With the Orion Nebula, glowing oxygen dominates the visual eyepiece view by imparting an obvious jade color. Through a spectroscope, however, other emissions show up because glowing hydrogen and scattered starlight also fill the stew pot. To make the shift complete, take a photo. Now a surprising thing happens — the green vanishes. It’s gone because it is “burned out” and overexposed as white. Suddenly, the crimson light of hydrogen at 656.3nm rules. This color doesn’t register through a visual eyepiece because at faint levels, human vision is completely blind to deep red.

 Bottom line: What colors you see — and the issue of whether oxygen’s green glow dominates the scene — depends on your technique. Visually, oxygen rules. Photographically, it does not except in planetary nebulae. And spectroscopically, it’s a toss-up except again with planetaries. Through it all, and no matter what equipment you use, observing glowing oxygen is educational and fun.

The three wise isotopes

Oxygen also provides keys to critical celestial puzzles. That’s because it comes in three flavors. Oxygen has three stable isotopes, each of which has the same number of protons but a different number of neutrons in its nucleus. All have identical chemical properties, and you could happily breathe any of them. Every ­oxygen atom contains eight protons. The vast majority of these also have eight neutrons. Add up the protons and neutrons in this lightest-weight oxygen atom and you get 16, so this most common form is called O-16. But a small percentage of oxygen has one or two extra neutrons — O-17 and O-18, respectively.

The first stars in the universe created almost 100 percent pure O-16. Later generations made progressively larger proportions of the heavier isotopes. Nowadays, at least here in the solar system, about 1 in 500 oxygen atoms contains an extra neutron while about 1 in 2,000 have two extra. Still with us?

The ratios of O-16, O-17, and O-18 isotopes in every potato chip, puppy, and rock here on Earth follow a simple relationship. But if you send a lander to Mars and sample its material, as NASA has now done several times, you’d find that martian rocks with the same ratio of O-18 to O-16 as earthly specimens will have a slightly higher ratio of O-17 to O-16. The difference in the isotope ratio between our two planets is 300 parts per million, with Mars consistently higher.

So oxygen isotopes are like fingerprints. They tell you which world a rock came from. That’s how we can be sure a particular meteorite originated on the Red Planet. We also have meteorites from the large asteroid Vesta, whose ratio of O-17 to O-16 is about 300 parts per million lower than Earth’s.

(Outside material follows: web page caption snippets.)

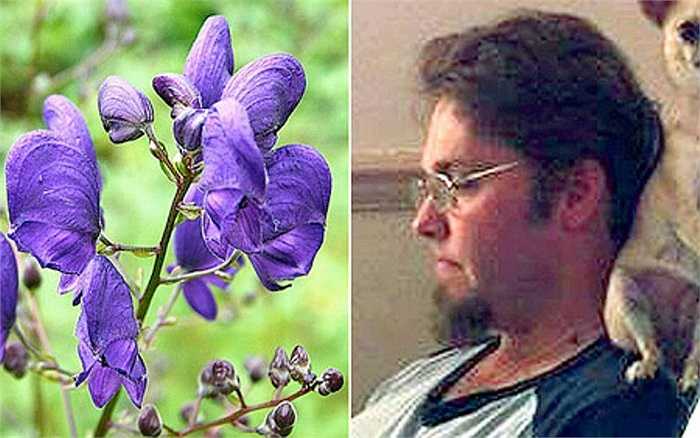 Theo tin mới nhất Nathan Greenaway (một thợ làm vườn ở Anh) đã ngã bệnh sau khi chăm sóc cho cây hoa tím chết người có tên Devil's Helmet và Monkshood (tiếng Việt gọi là cây Ô đầu), được trồng trên đất của tòa dinh thực Millcourt House, thuộc sở hữu của một đôi vợ chồng triệu phú.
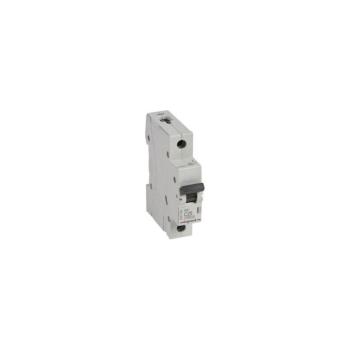 Legrand - RX3 egypólusú kismegszakító 1P C 25A 6000A 419204 kép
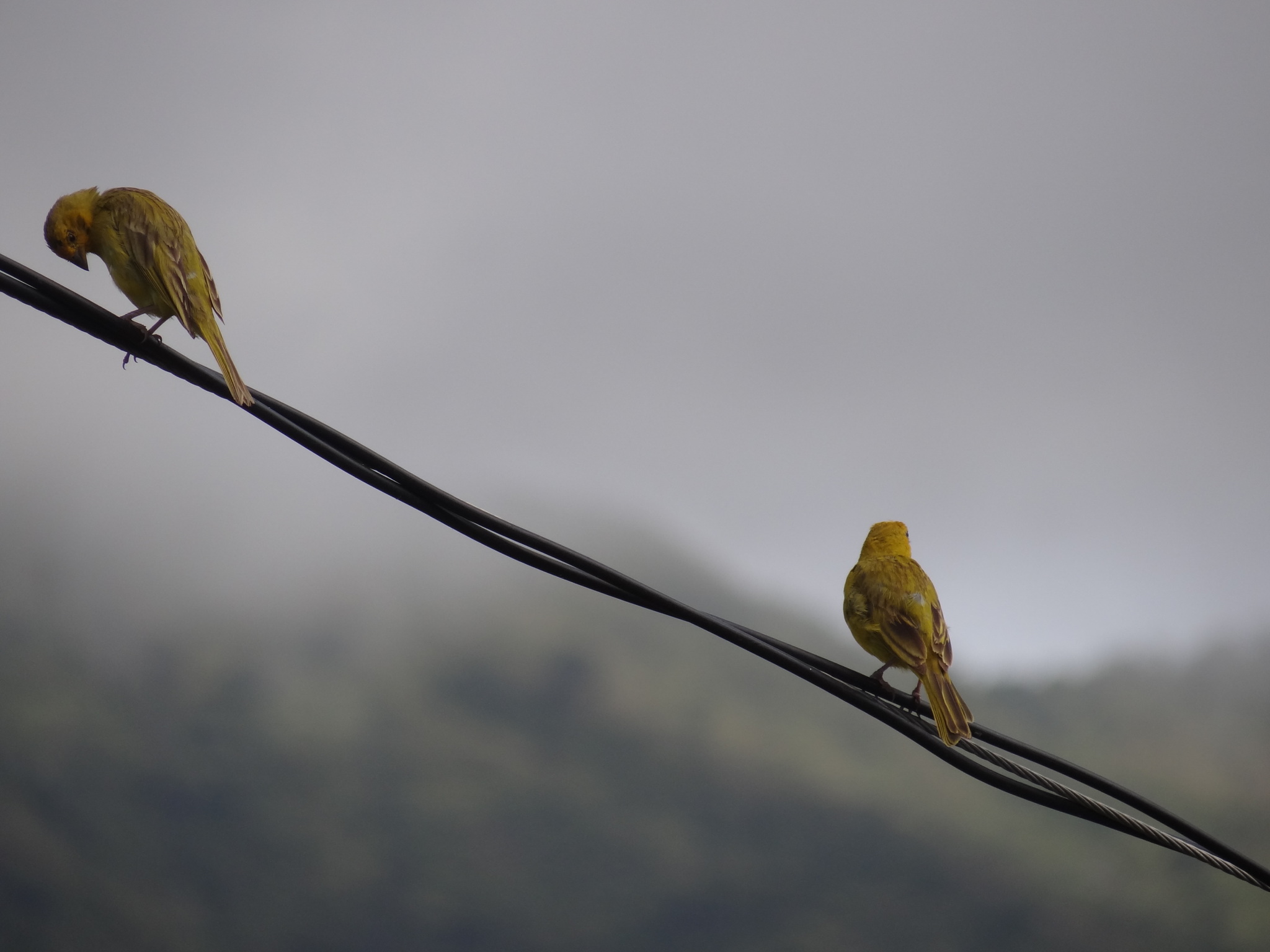 Sicalis flaveola image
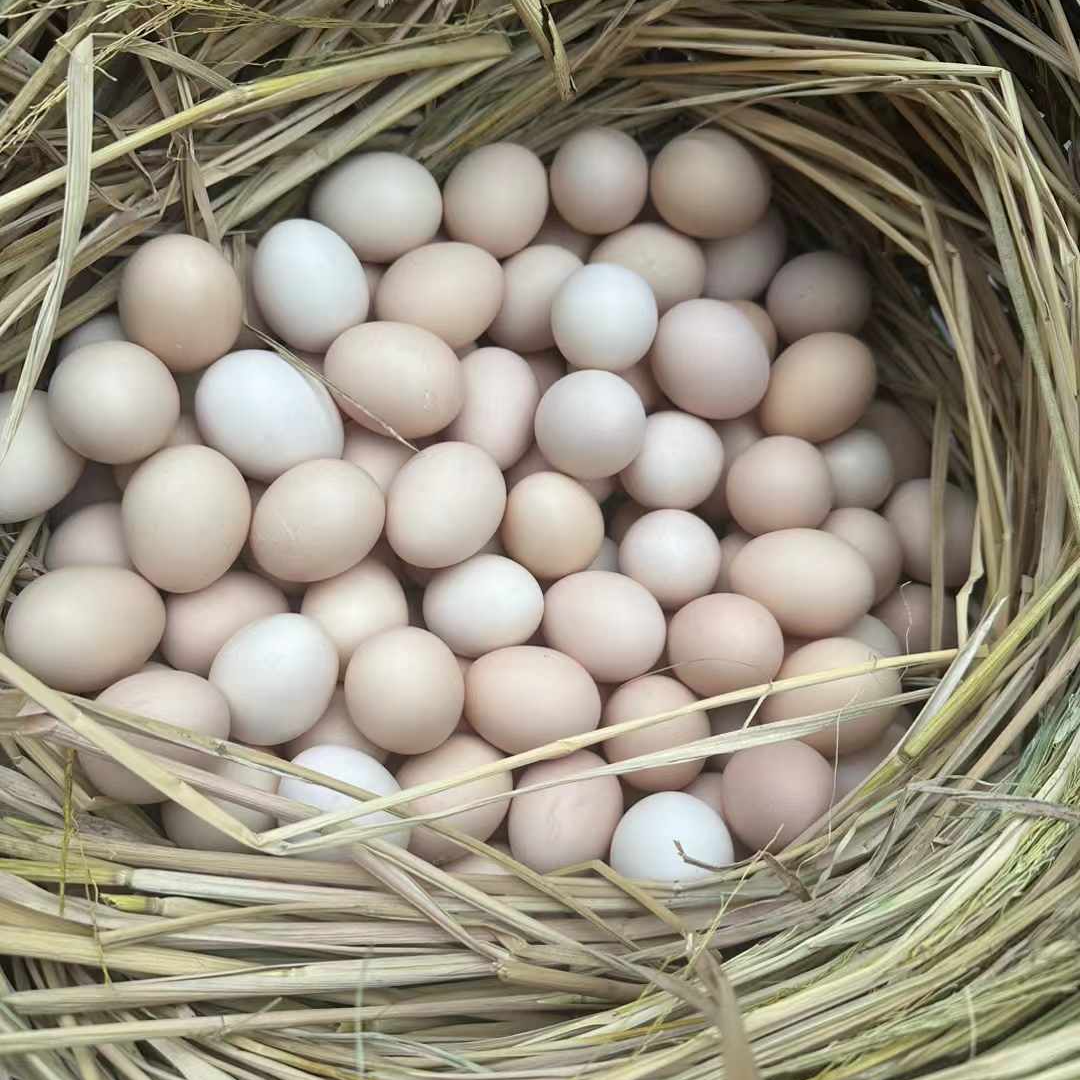 【包邮到家】湘西凤凰古城苗家纯粮食喂养土鸡蛋白浓稠黄紧凑自然香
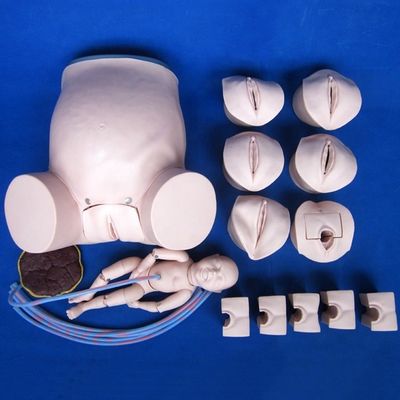 Demonstration der Patientenversorgung Umfassende Geburtsschulung Modell Geburtshilfe Technische Ausbildung Manikin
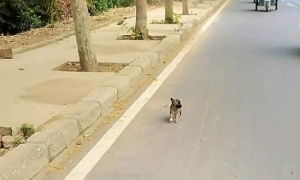 野外偶遇流浪狗，一路追车2公里，怎么甩都甩不掉，狗：带我走吧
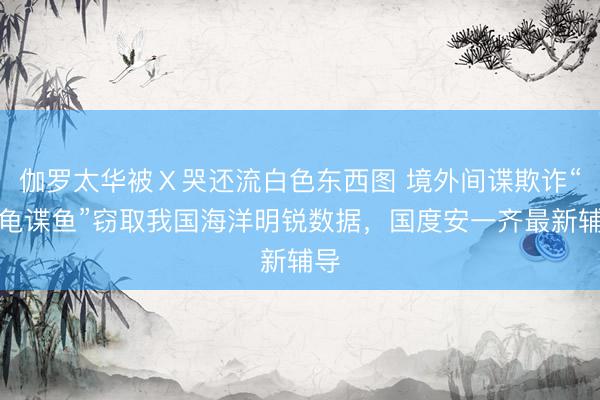 伽罗太华被Ⅹ哭还流白色东西图 境外间谍欺诈“谍龟谍鱼”窃取我国海洋明锐数据，国度安一齐最新辅导
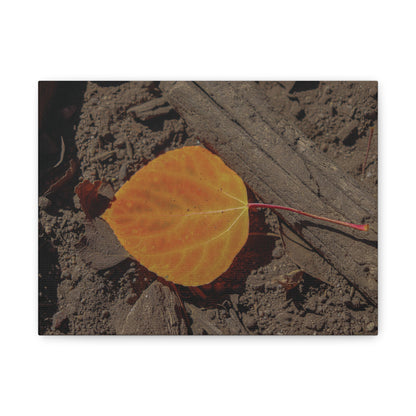 Quiet Resilience: "Autumn Leaf"  - Canvas Print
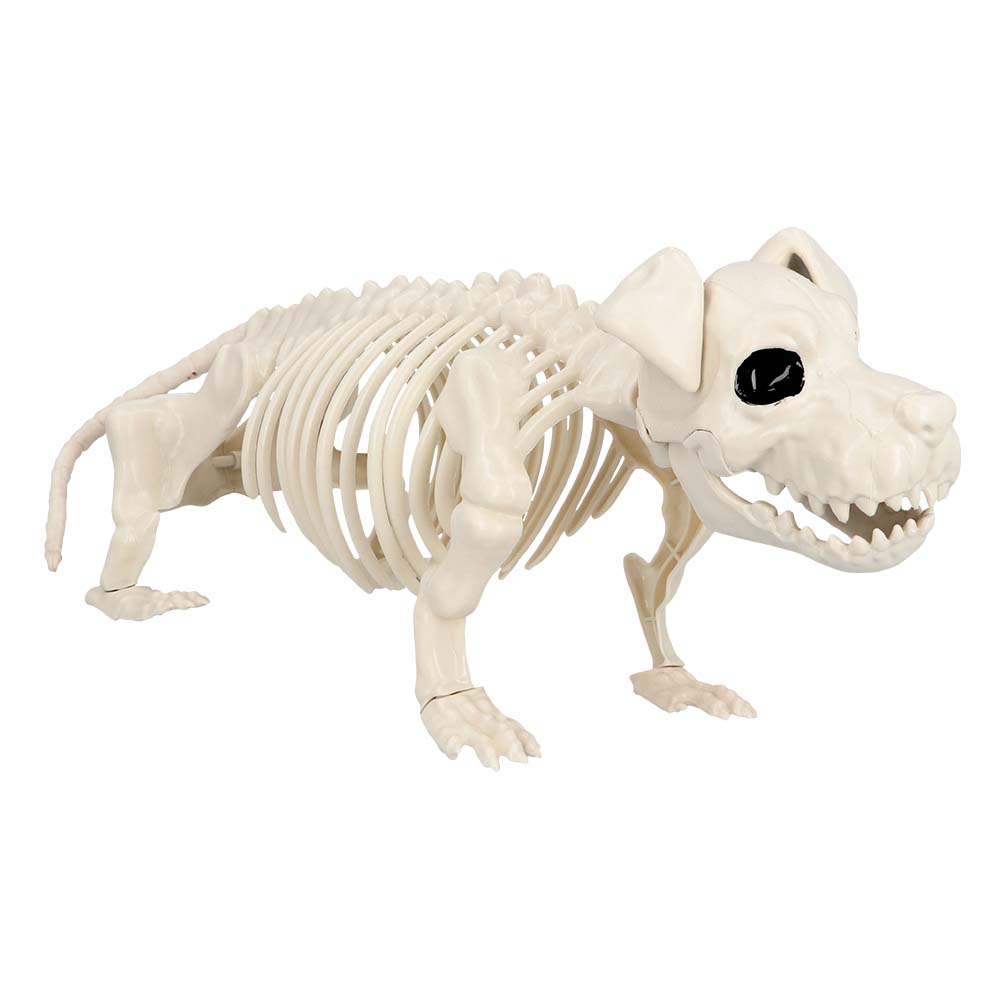 Skelett Hund – Halloween Deko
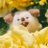 hooo_s_hiii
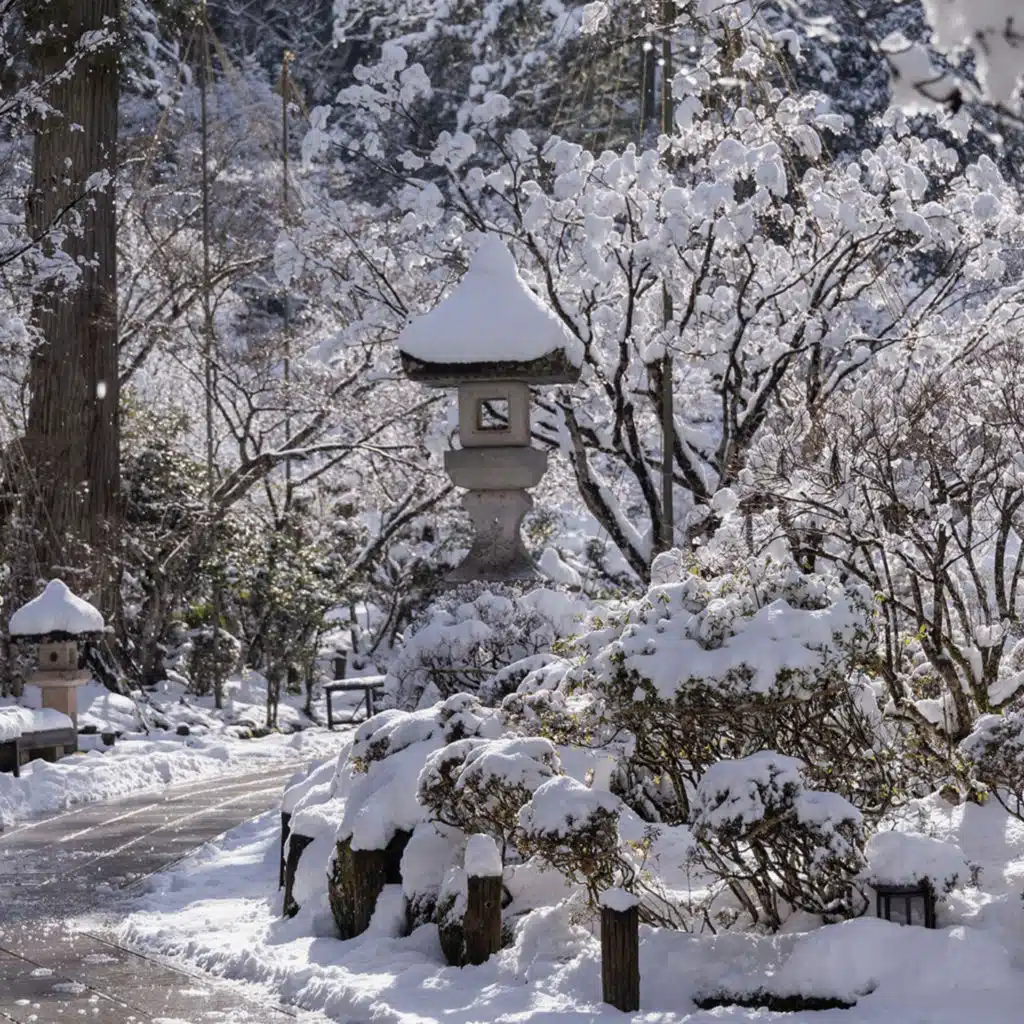 Oliver Shanti & Friends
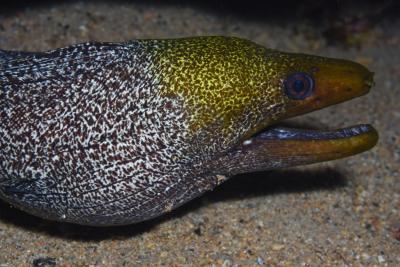 Undulated moray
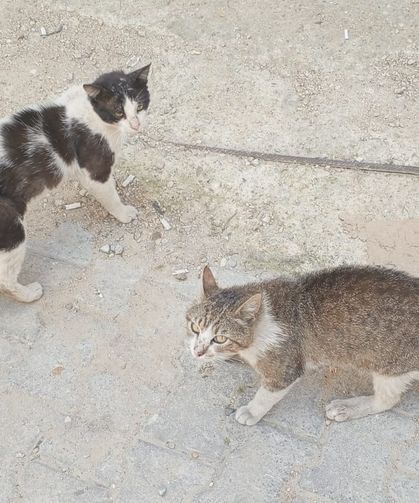 Mahallenin Aslanları Yine Kapıştı
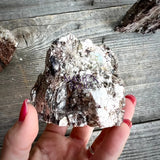 Black Tourmaline and Mica Flat Based Natural Freeforms - Magick Souls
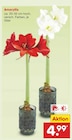 Aktuelle Zimmerpflanzen Angebote bei Netto Marken-Discount in Dortmund Aktuelles Amaryllis Angebot bei Netto Marken-Discount in Dortmund ab 4,99 €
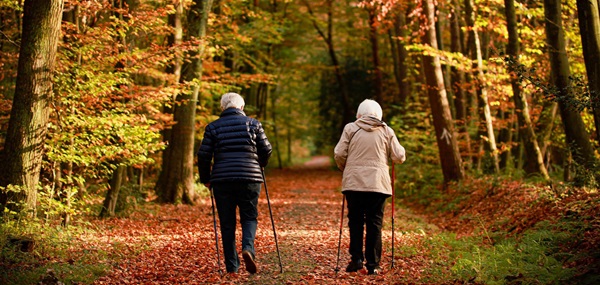 Better mental and physical health among the elderly is associated with nature proximity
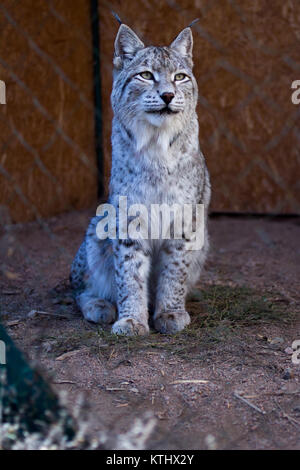 Injured Turkestan Lynx are kept in the care of the NABU Rehabilitation Centre in the village of Ananyevo, Kyrgyzstan. Stock Photo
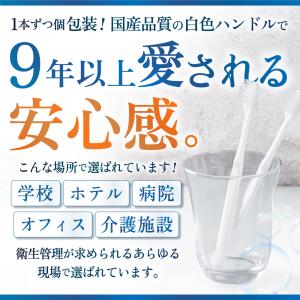 歯ブラシ 業務用 粉なし 500本 使い捨て ...の詳細画像1
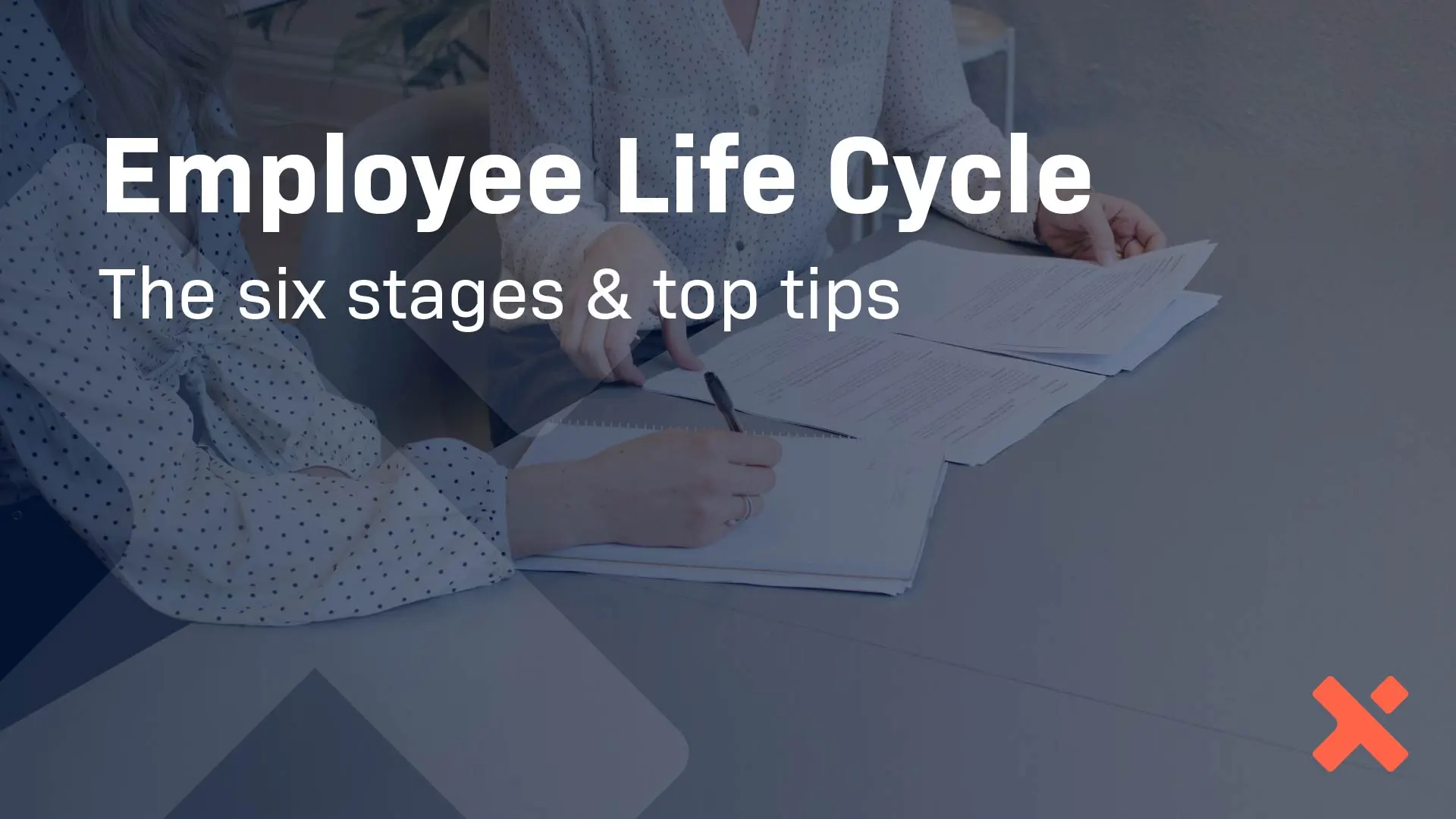 Employee Life Cycle: Understanding the 6 Stages - HumanX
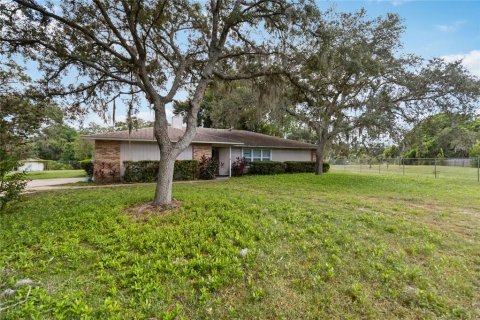 Villa ou maison à louer à Apopka, Floride: 4 chambres, 222.97 m2 № 1340082 - photo 2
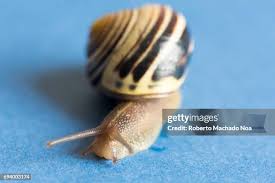 Attēlu rezultāti vaicājumam “Helicidae”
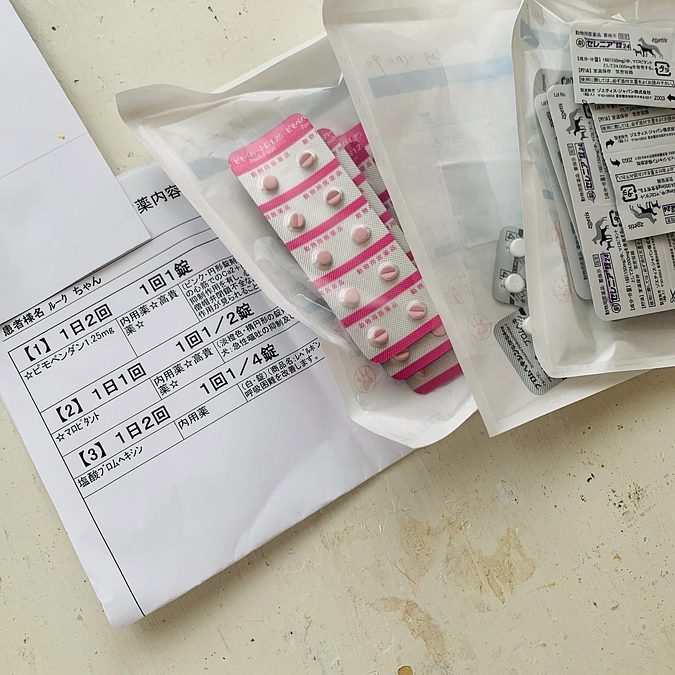 2ヶ月後の検診に行きました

Here’s where things get weird. The oxygen in Moon rocks has the same isotopic ratio as terrestrial objects. It’s as if the Moon is Earth! Any difference is less than 1 part in 50,000.

This presents a problem, however. Nearly every planetary ­scientist thinks the Moon resulted from a long-ago collision between Earth and a Mars-sized body dubbed Theia. The laws of physics show that for the impact hypothesis to work, much of the Moon should be Theia material and thus should have a distinct and alien oxygen-isotope ratio. Yet the Moon appears made of earthly stuff.

Every few years, some researchers will publish a journal article that either tries to explain this oxygen problem or else uses it to discredit the collision hypothesis. A major 2014 reanalysis of Apollo moon rocks claimed to find a minuscule disparity between our worlds’ oxygens — just barely enough, perhaps, to keep alive the idea of the Moon’s violent birth.

So take a deep breath. Ponder the element that energizes your brain so you can contemplate the cosmos. And someday, if we spot oxygen’s distinctive auroral glow on an exoplanet, the traffic-light green can serve as a “go” signal.

For, almost surely, we will have found the signature of plants on another world. It will be our beloved oxygen, once again guiding our discoveries.